Let $$I(\phi) = \int_{\mathbb{R}} \phi(z) dz $$ Then obviously we can write $$ I = [1,0]=[1/2,-1/2]=[0,-1]. $$ This brings up an important point about hyperfunctions: let $\psi\in C^\omega(\mathbb{C})$, then $$ F=[F_+,F_-] =[F_++\psi,F_-+\psi]. $$ This come from the fact that we subtract the 2 integrals. So the proper definition for the space of hyperfunctions requires a to take the modulous with a proper equivalence relation (which you can probably guess) but I will not go into details on that.

So what more can we do? Let's define $$ J(\phi) = \int_0^\infty \phi(z) dz. $$ Trivially it holds $$ J(\phi)=I(H\cdot\phi), $$ with $H$ the Heaviside step function. Let's define $$ J = [-\frac{1}{2 \pi i}\log(-z),-\frac{1}{2 \pi i}\log(-z)], $$ then I claim that $J$ is actually the Heaviside step function. I will not go througth this, but it is relatively simple to see it using the definition $\log(z) = \int_1^z \frac{1}{t}dt$. What makes this work is that for $x<0$ the value of the logarithm is the same, however for $x>0$ it depends on the path of integration.

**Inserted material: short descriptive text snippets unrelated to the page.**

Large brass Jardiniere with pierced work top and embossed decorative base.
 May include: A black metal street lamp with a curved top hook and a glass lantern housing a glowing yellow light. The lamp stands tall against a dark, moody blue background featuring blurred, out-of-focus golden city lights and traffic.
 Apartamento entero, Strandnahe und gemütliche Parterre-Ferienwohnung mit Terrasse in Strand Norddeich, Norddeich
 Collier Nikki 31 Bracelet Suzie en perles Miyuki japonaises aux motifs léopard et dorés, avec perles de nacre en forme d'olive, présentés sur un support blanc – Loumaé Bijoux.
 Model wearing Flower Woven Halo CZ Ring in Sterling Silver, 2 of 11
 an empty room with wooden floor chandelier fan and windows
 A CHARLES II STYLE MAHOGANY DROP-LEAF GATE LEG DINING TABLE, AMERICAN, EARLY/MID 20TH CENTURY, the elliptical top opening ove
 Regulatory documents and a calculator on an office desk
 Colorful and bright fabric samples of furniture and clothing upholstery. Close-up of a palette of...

Now let's do the delta function. We define as usual $$\delta(\phi) = \phi(0).$$ Lets's recall Cauchy's integral that states that if a function is analytic in a neigbourhood of the origin then $$ \frac{1}{2\pi i} \oint_C \frac{f(\zeta)}{\zeta} d\zeta = f(0) $$ and define $$ \delta = [-\frac{1}{2\pi i z},-\frac{1}{2\pi i z}]. $$ So how does this make any sense? First notice that for all $x\ne0$, the values of the "two" functions are the same, so the value of the hyperfunction is 0. At $x=0$ it complex infinity. But actually we can say much more things about the origin. Both functions have a simple pole with coefficient $\frac{1}{2\pi i}$. So when we integrate and take the difference, we can transform the integral to the Cauchy integral (I'm not going to actually do this here, but it is pretty straightforward).

What is cool about the theory is that we can define the derivative in the most straightforward way possible: just by writing $$ F'=[F_+',F_-']. $$ The beauty of this can be shown by writting $$ J' = [(-\frac{1}{2 \pi i}\log(-z))',(-\frac{1}{2 \pi i}\log(-z))'] = [-\frac{1}{2\pi i z},-\frac{1}{2\pi i z}] = \delta. $$ So the delta function is the actual derivative of the Heaviside step function!

I will stop here. There is much more into this theory and it is not an easy subject but it is a beautiful one. A relatively simple introduction is the book "Introduction to Hyperfunctions and Their Integral Transforms" by Urs Graf.